GOAL OF THE EXERCISE
Set down, exactly and only, everything from the line containing "Citron Bamboo Cup" down to the line containing "Foto 2 pulgar" in the data below; the pictures are not part of the copy.

EXERCISE DATA
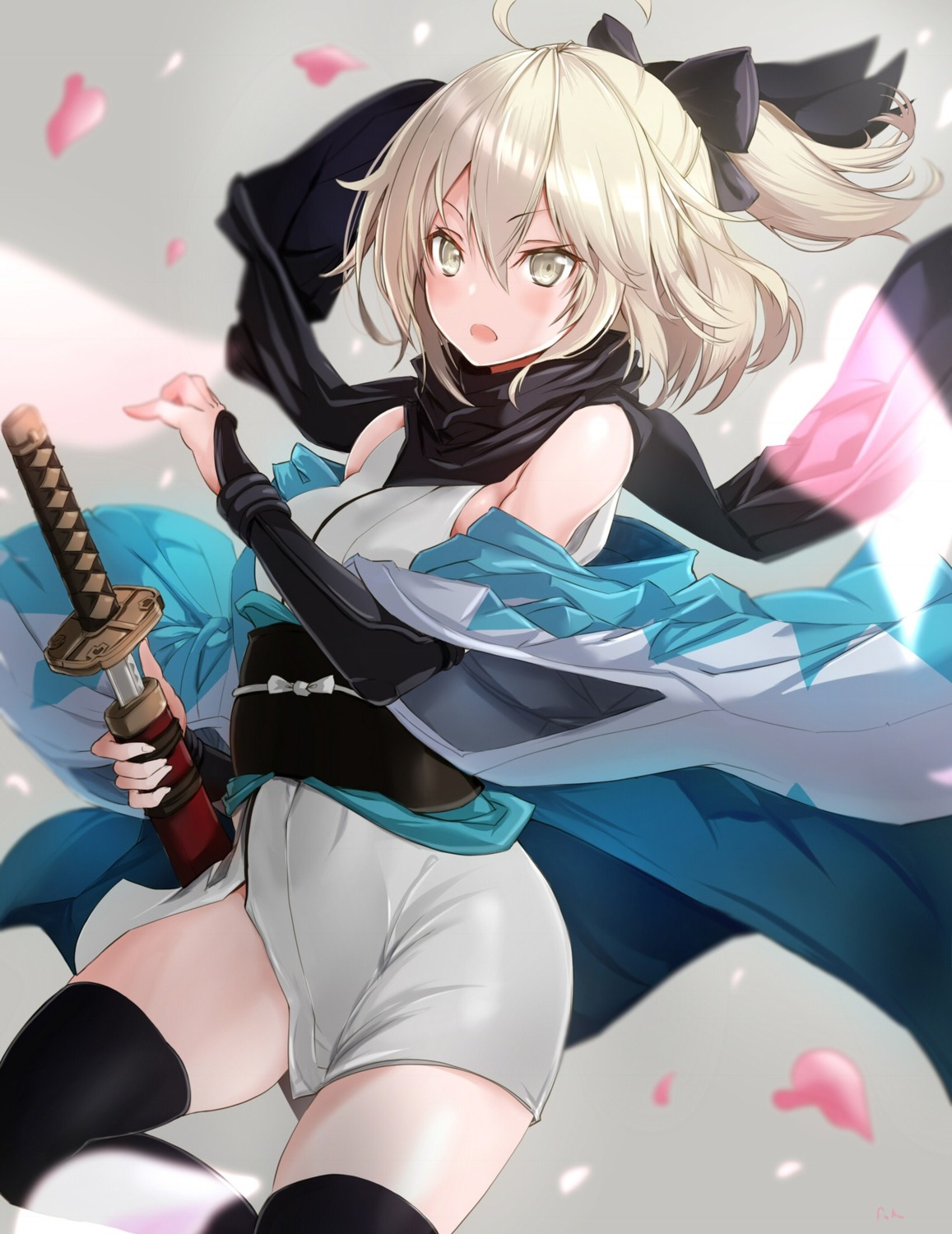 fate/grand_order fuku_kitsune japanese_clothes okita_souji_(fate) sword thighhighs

---

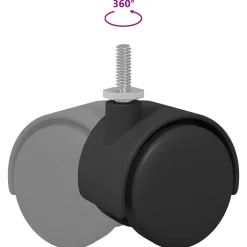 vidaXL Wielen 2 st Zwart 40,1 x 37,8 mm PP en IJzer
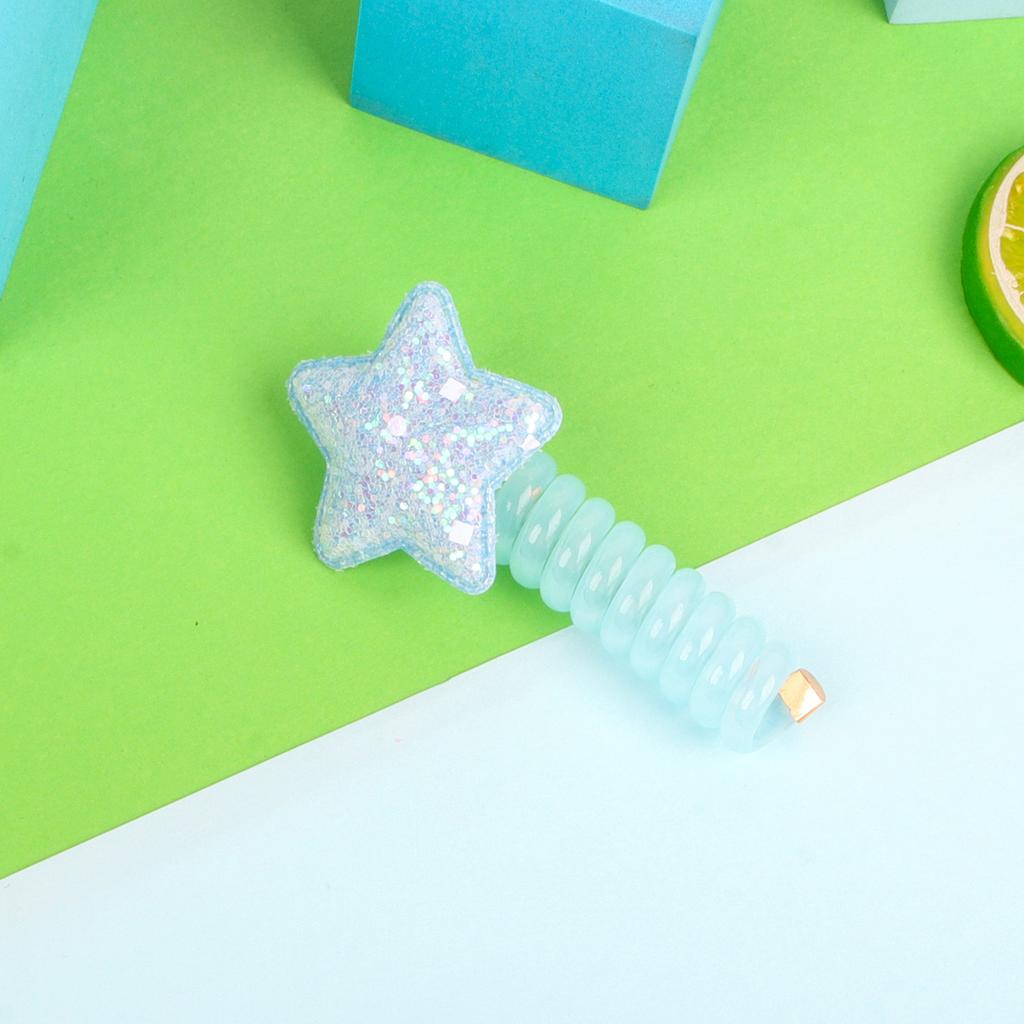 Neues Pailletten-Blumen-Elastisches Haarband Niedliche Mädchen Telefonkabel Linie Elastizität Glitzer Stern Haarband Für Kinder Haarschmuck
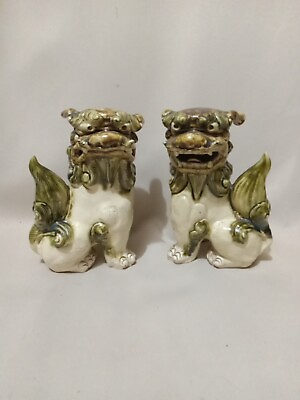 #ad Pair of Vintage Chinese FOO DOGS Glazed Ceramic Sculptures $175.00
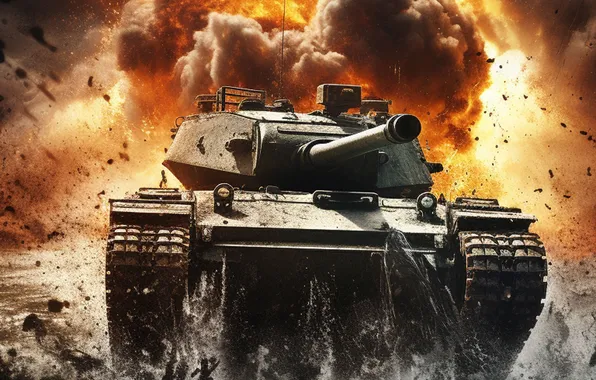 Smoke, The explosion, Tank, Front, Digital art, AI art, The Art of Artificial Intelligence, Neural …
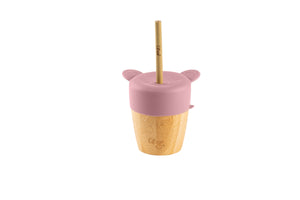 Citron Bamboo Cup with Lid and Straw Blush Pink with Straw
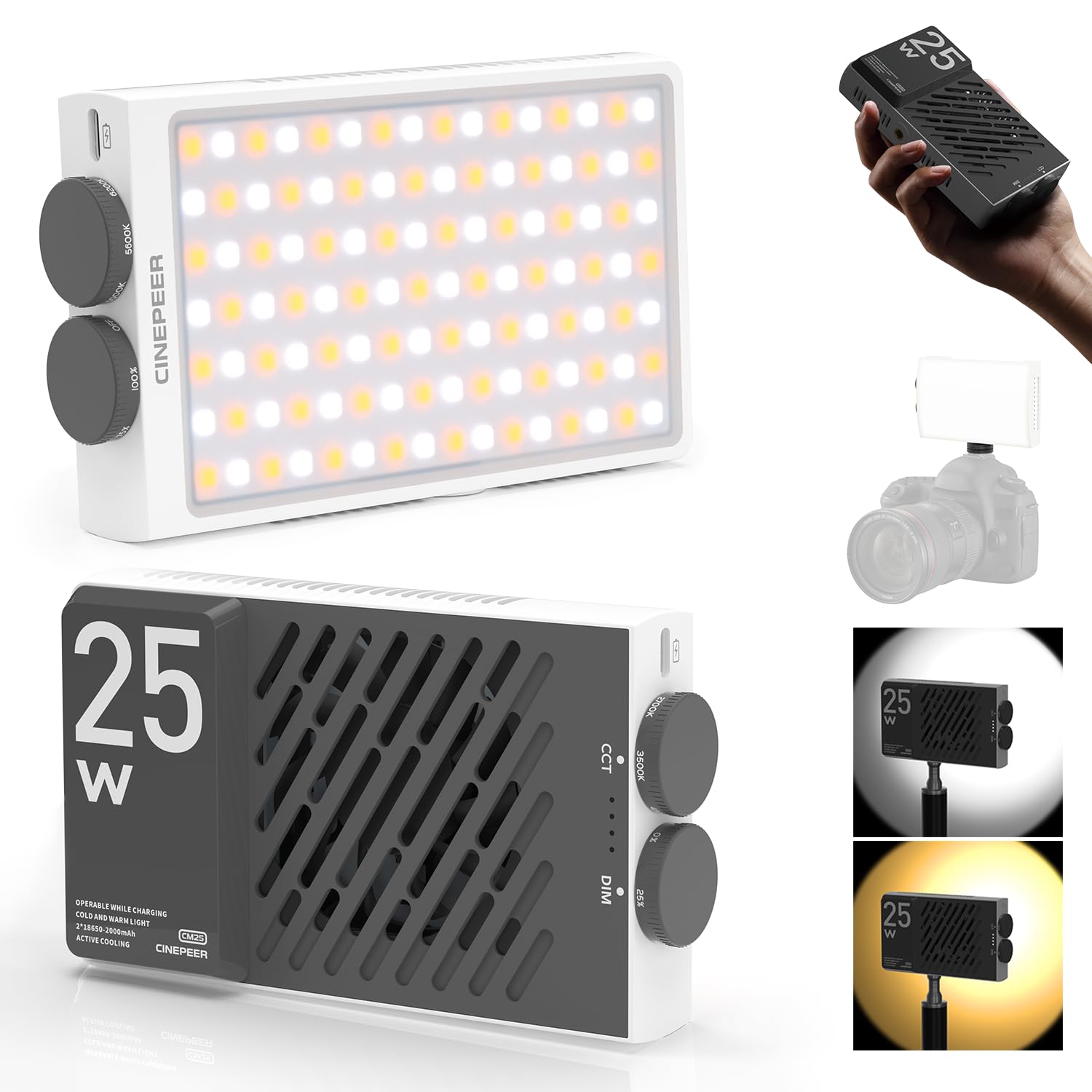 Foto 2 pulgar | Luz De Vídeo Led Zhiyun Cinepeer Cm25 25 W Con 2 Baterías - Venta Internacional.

* * *

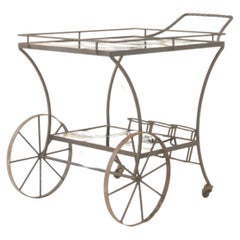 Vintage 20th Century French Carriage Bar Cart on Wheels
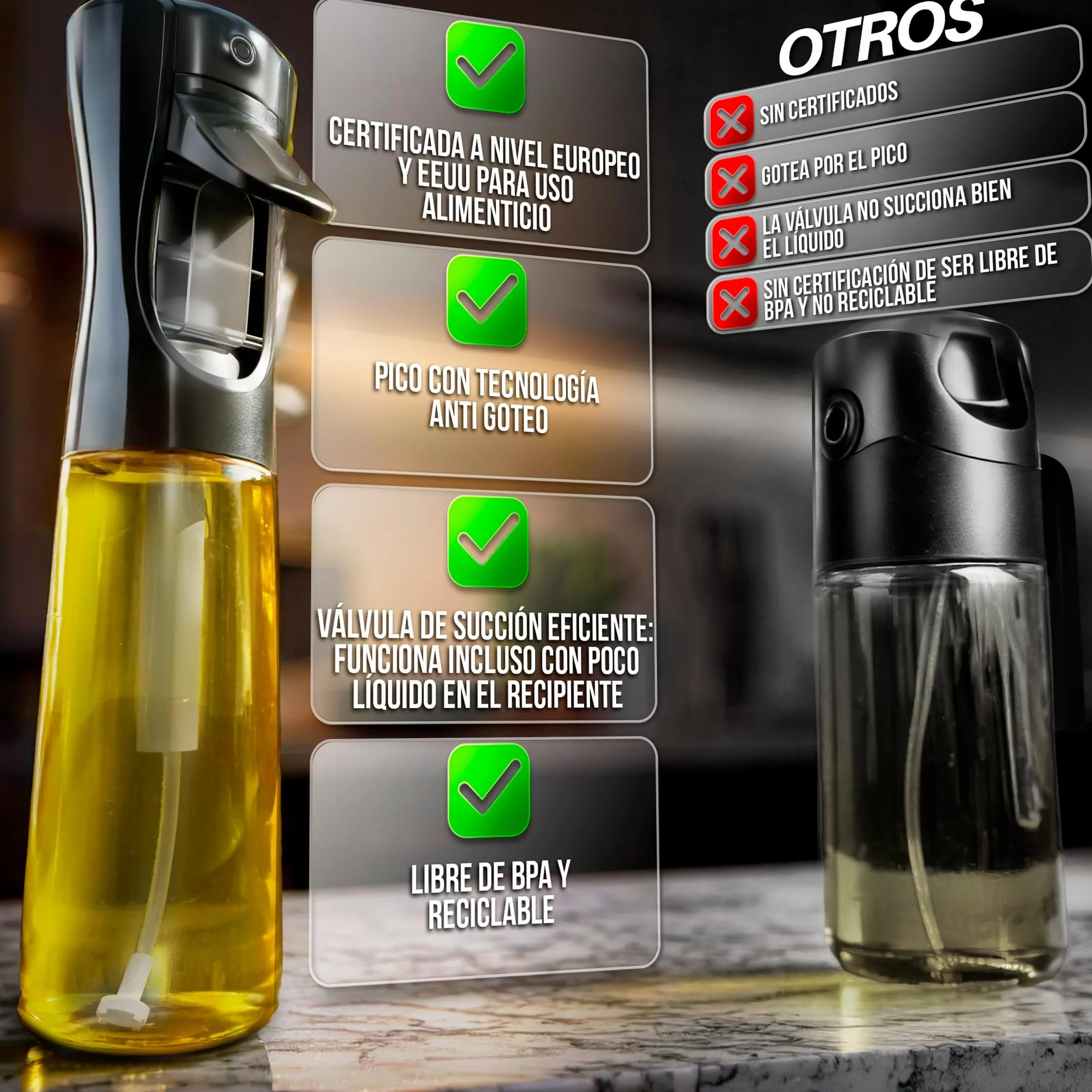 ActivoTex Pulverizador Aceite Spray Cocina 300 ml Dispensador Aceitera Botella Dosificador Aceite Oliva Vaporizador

YOUR SOLUTION
 Citron Bamboo Cup with Lid and Straw Blush Pink with Straw
 Foto 2 pulgar | Luz De Vídeo Led Zhiyun Cinepeer Cm25 25 W Con 2 Baterías - Venta Internacional.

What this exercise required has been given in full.